Enviada em 05/05/2021

constante cre o pelo demográfico enfrentado pela sociedade contemporânea acarreta uma série de problemas, entre eles está a mudança da mobilidade urbana, caracterizada pelo conjunto das condições de deslocamento de cargas e como as pessoas no perímetro urbano. Contudo, segundo a Nova Agência Urbana (NAU), adotada nas Conferências das Nações Unidas, a população tende a se duplicar em 2050, tornando evidente que os desafios enfrentados, como a carrocracia e as péssimas estruturas dos transportes públicos, precisam ser sanados antes das proporções se tornarem mais alarmantes.

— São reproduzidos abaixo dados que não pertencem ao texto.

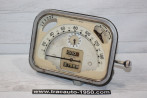 COMBINE BLOC COMPTEUR OS 6V 150km/h BEIGE...CITROEN TRACTION 7/11CV 1950/1952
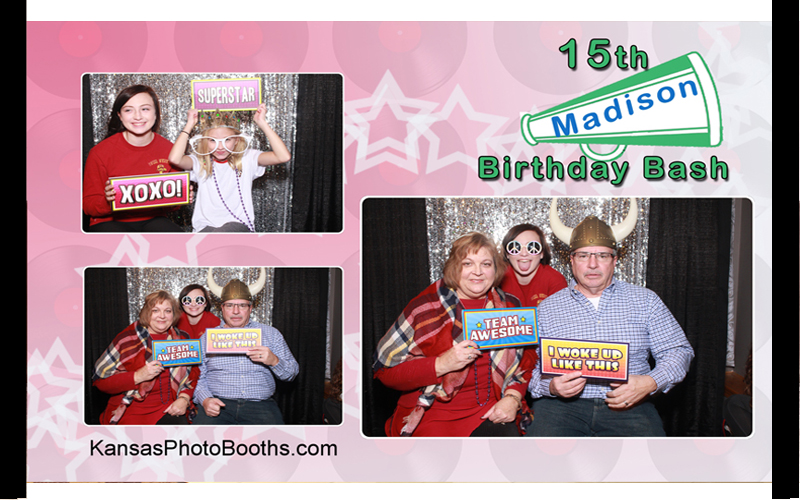 Birthday party photo booth example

Faz-se necessário analisar que a atual gestão pública abrange a forma totalitária para carrocracia, uma vez que essa corresponde ao incentivo e adaptação municipal para o maior uso e compras de carros individuais, todavia, o trânsito nas metrópoles aumentam com o crescimento do ramo de automóveis, gerando conturbações na vida dos cidadãos, tal como os atrasos ocorridos, que prejudicam a vida profissional e social do indivíduo. Além disso, vale ressaltar que as condições de gases poluentes, como monóxido de carbono e dióxido de nitrogênio, são diretamente proporcionais à quantidade de veículos em funcionamento, de modo que o meio ambiente é prejudicado, tornando incontestável uma negligência governamental para os problemas no tráfego e suas consequências.

Ademais, uma estrutura dos modos de transporte público é de extrema exposta para o tema abordado, visto que a população brasileira possui meios precários para a locomoção nas cidades, consoante ao fato de que os ônibus, que são veículos característicos dos municípios brasileiros, estão , na maioria das vezes, superlotados e tendem a ser inseguros, tanto na questão estrutural quanto na segurança pessoal. Em adição, o uso de bicicletas, que são meios saudáveis ​​de locomoção, é desvalorizado pelo povo, pois segundo o IBOPE, apenas 59% da população apoia a construção e o ampliamento das ciclovias, propiciando o impedimento de uma melhoria nas pistas para a prática ciclismo, fazendo com que uma população opte por um carro individual, em virtude da gestão pública.

Com base no exposto, cabe ao Governo Federal realizar uma intervenção, criando leis que obriguem os municípios a incluírem faixas exclusivas para ônibus, como também a realização de uma reforma nos veículos, com o intuito de agilizar o andar do fluxo de carros e estabelecer uma padronização, além de diminuírem as vagas disponíveis nas cidades, para que as pessoas deem preferência aos transportes públicos. Inclusive, é necessário a imposição do aumento das calçadas e ciclovias, com a disponibilidade de bicicletas de aluguel por meio de um aplicativo pago, a fim de que os meios que não degradam o meio ambiente sejam vistos como um método eficiente e acessível, com o objetivo de melhorar a forma resumida dos transportes coletivos, dando dignidade ao cidadão brasileiro.